Nesse contexto, boa parte das mulheres brasileiras exiladas entraram em contato com a maneira de agir e pensar do feminismo, evidentemente visto com desconfiança pelos companheiros homens. Esses homens exilados viam a prática feminista como uma ameaça à união da luta do proletariado.

A relação do grupo feminista com os homens de esquerda não foi sem lágrimas, dor e sofrimento. Ameaças tiveram pela Frente de Brasileiros no Exílio, no sentido de retirar o apoio financeiro às famílias das mulheres que iam às reuniões feministas que se davam informalmente em bares da cidade. A grande acusação que os homens faziam ao grupo era a de ser apolítico, por isso nada estava contribuindo para a luta contra a ditadura militar no Brasil.

Paris foi o palco de reuniões de diferentes grupos de mulheres, no ano de 1975. Em uma dessas reuniões se deu a produção do documento intitulado “Por uma

tendência feminina revolucionária”. Este documento deu margem à criação do Círculo

de Mulheres. Em termos ideológicos, a importância do Círculo de Mulheres foi a presença de uma postura política de esquerda claramente identificada com a luta de classe e de um trabalho mais reflexivo nos modos do modelo europeu.

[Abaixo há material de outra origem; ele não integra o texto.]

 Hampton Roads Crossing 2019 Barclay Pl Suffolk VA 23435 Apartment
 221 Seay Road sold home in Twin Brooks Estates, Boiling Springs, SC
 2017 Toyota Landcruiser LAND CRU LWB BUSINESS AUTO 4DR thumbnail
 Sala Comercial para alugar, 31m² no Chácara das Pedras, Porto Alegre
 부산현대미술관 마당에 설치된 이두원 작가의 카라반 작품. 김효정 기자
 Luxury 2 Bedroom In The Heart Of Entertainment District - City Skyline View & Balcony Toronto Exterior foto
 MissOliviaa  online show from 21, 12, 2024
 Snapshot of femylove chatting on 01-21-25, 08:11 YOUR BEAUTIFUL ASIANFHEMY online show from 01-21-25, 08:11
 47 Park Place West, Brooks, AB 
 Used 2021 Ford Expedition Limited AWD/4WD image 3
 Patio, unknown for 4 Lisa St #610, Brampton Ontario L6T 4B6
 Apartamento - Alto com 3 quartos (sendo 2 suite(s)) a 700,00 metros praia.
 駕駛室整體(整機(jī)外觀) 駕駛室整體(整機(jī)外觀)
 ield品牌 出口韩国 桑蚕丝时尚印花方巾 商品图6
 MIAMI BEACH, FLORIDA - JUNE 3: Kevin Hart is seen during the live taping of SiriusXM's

No mês de maio de 1976 o Círculo lança uma carta de conteúdo político:

Ninguém melhor que o oprimido está habilitado a lutar contra a sua opressão. Somente nós, mulheres organizadas autonomamente, podem estar na vanguarda dessa luta, levando nossas reivindicações e problemas específicos. Nosso objetivo ao defender a organização independente das mulheres na é separar, dividir, diferenciar nossas lutas que conjuntamente homens e mulheres travam pela destruição de todas as relações de dominação da sociedade capitalista Pinto (2003,p.61)

Em relação à especificidade da mulher, o movimento feminista brasileiro em Paris tinha um ideário muito particular de autonomia. Embora defendendo a autonomia, tinha um elo muito forte com o marxismo, que subordinava a condição da mulher às formas de dominação presentes no modo de produção capitalista. Por sua condição de gênero feminino, as mulheres no espaço de luta política simplesmente não existiam como figura de seus direitos individuais, mas, por conseqüência, como objeto de opressão. O círculo nasceu para que as mulheres tivessem um espaço para se expressassem como mulheres.

Ao contrário dos outros movimentos feministas, o círculo cresceu e teve

importante projeção em Paris. A proposta era a criação de espaços públicos de reflexão. Diante dessa realidade, há que se observar a diferença entre as feministas brasileiras no exílio em Paris e as feministas que tentavam se organizar no Brasil. Enquanto que as feministas exiladas procuram se reunir em espaços públicos de reflexão, as feministas do Brasil, mas especialmente no eixo Rio de Janeiro e São Paulo, se encontravam no espaço privado, ou seja, nas casas de pessoas conhecidas, em reuniões informais e íntimas.